> _Assignment_:
The entire listing below is to be written out exactly, minus the pictures.

> _Provided material_:
►
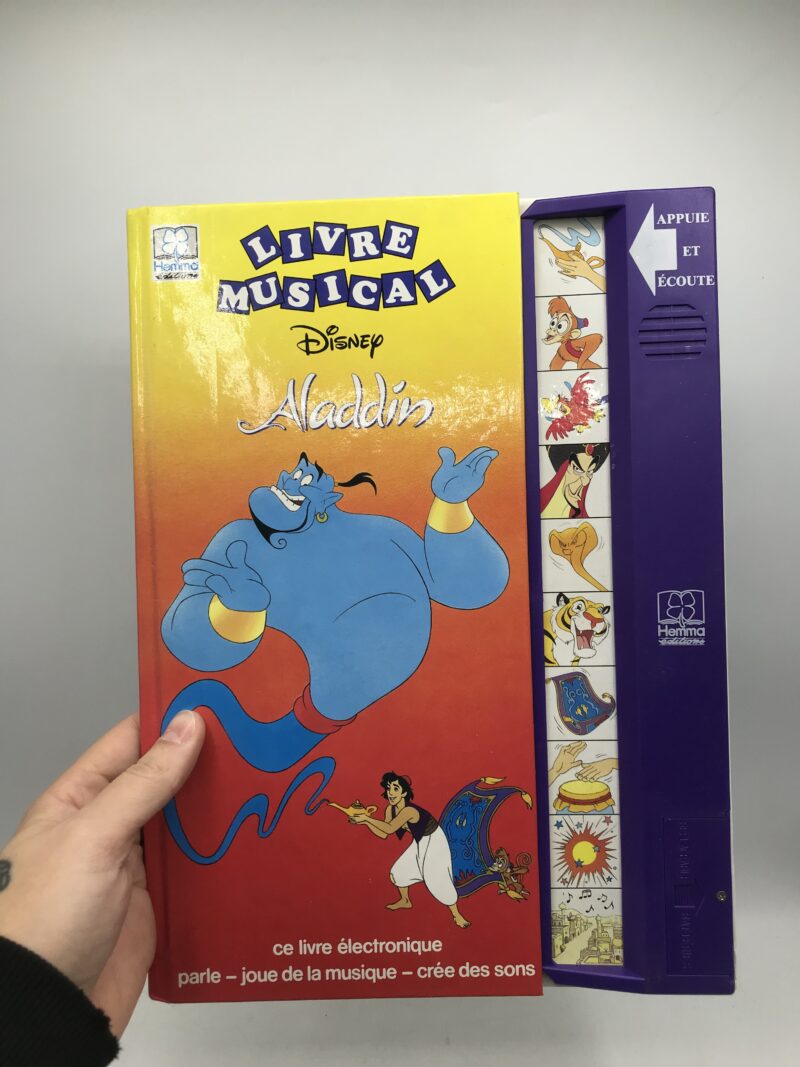 Lot de livre musical Disney vintage – Image 8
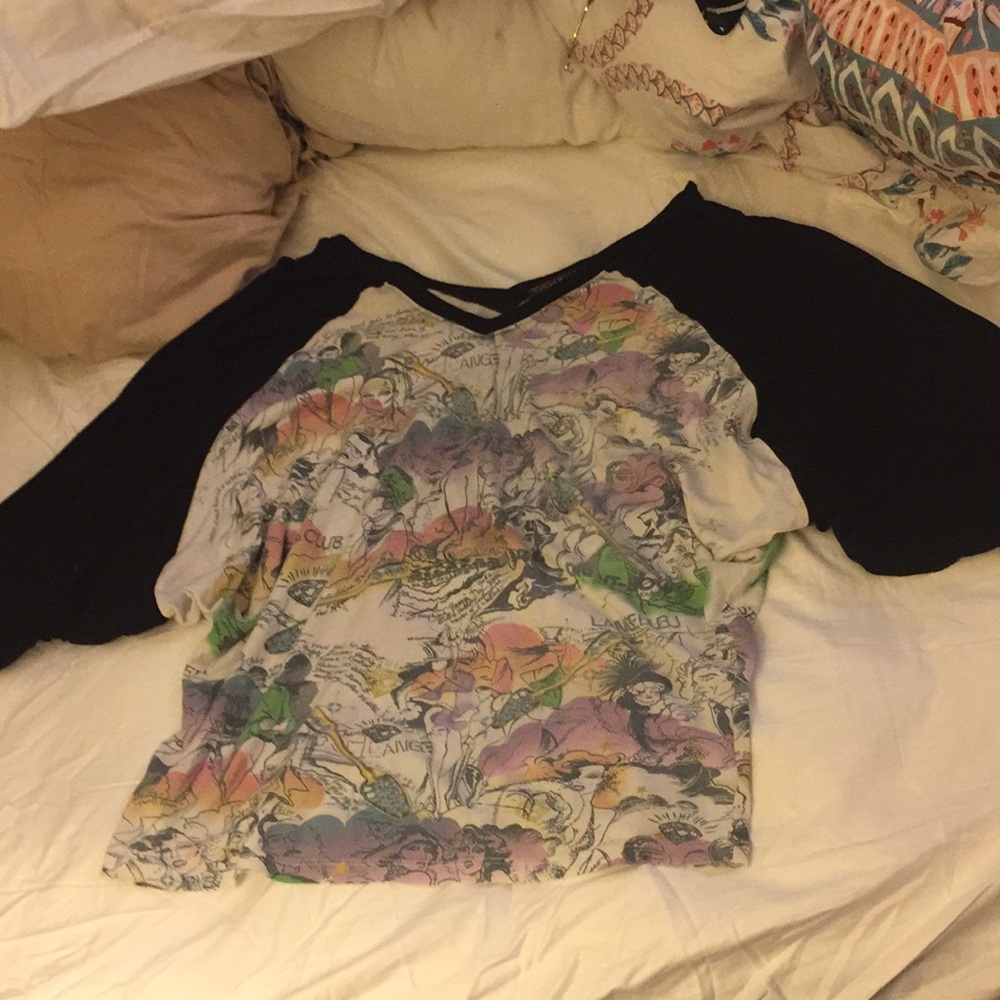 Artsy doleman double v-neck tee.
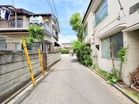 周辺は閑静な住宅街です！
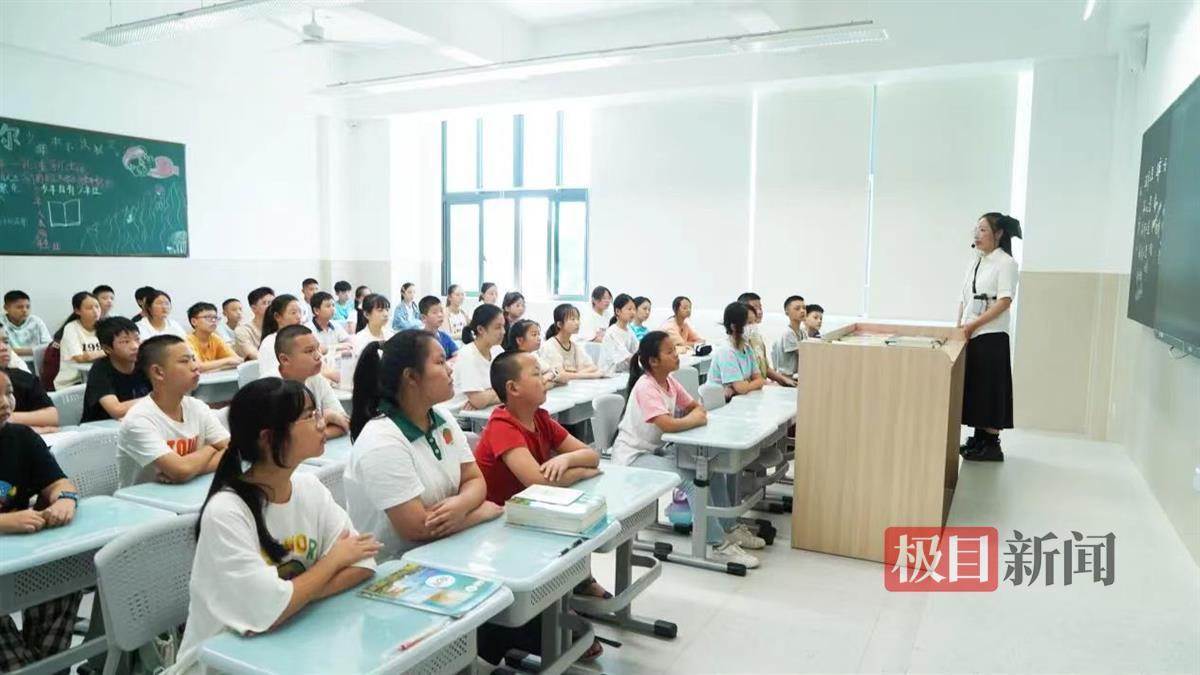 武汉新城未来学校揭牌, 300余名学生入新校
◄
> _Response box_:
 Lot de livre musical Disney vintage – Image 8
 Artsy doleman double v-neck tee.
 周辺は閑静な住宅街です！
 武汉新城未来学校揭牌, 300余名学生入新校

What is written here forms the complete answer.